#### [WHAT THE TASK REQUIRES]
Note the line containing "A row of large"; from it through the last line below, give only those lines again, exactly, both ends included, skipping pictures.

#### [DATASET CONTENT]
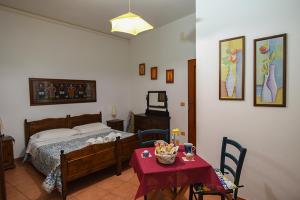 Letto o letti in una camera di B&B ABACO
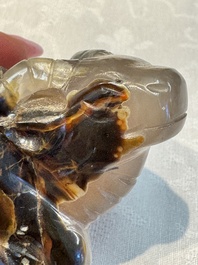 A group of ten Chinese hardstone and cherry amber carvings, 20th C.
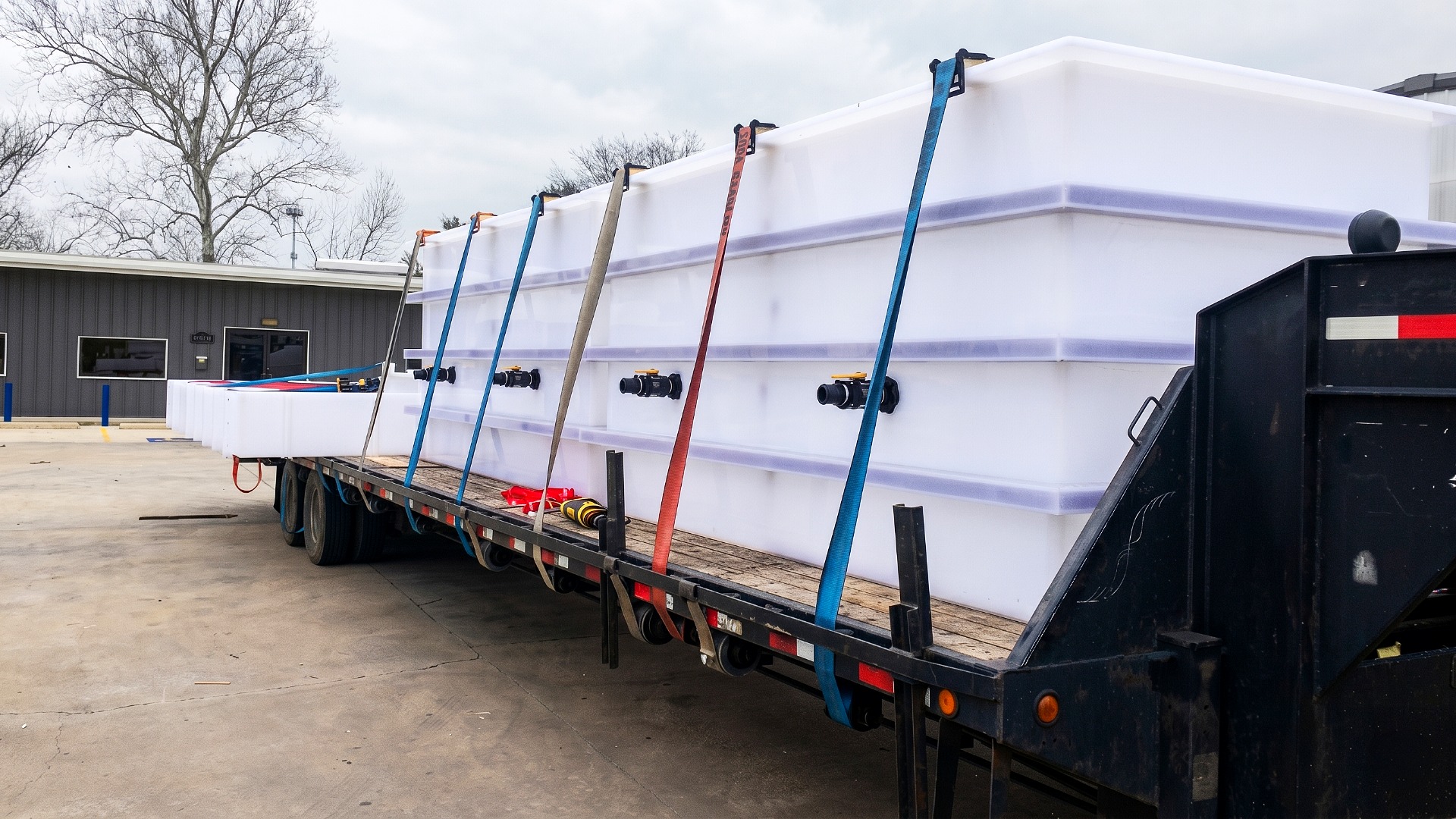 A row of large custom-built polypropylene containment tanks secured with heavy-duty straps on a flatbed trailer for delivery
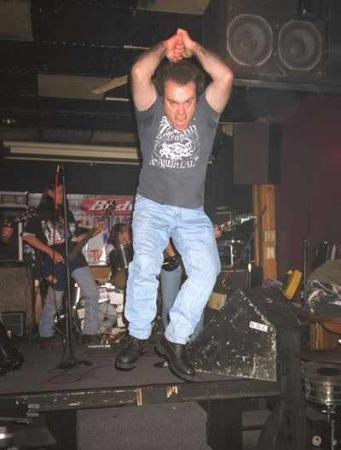 Jumping off the stage while performing at the Black Thorn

#### [EXERCISE ANSWER]
 A row of large custom-built polypropylene containment tanks secured with heavy-duty straps on a flatbed trailer for delivery
 Jumping off the stage while performing at the Black Thorn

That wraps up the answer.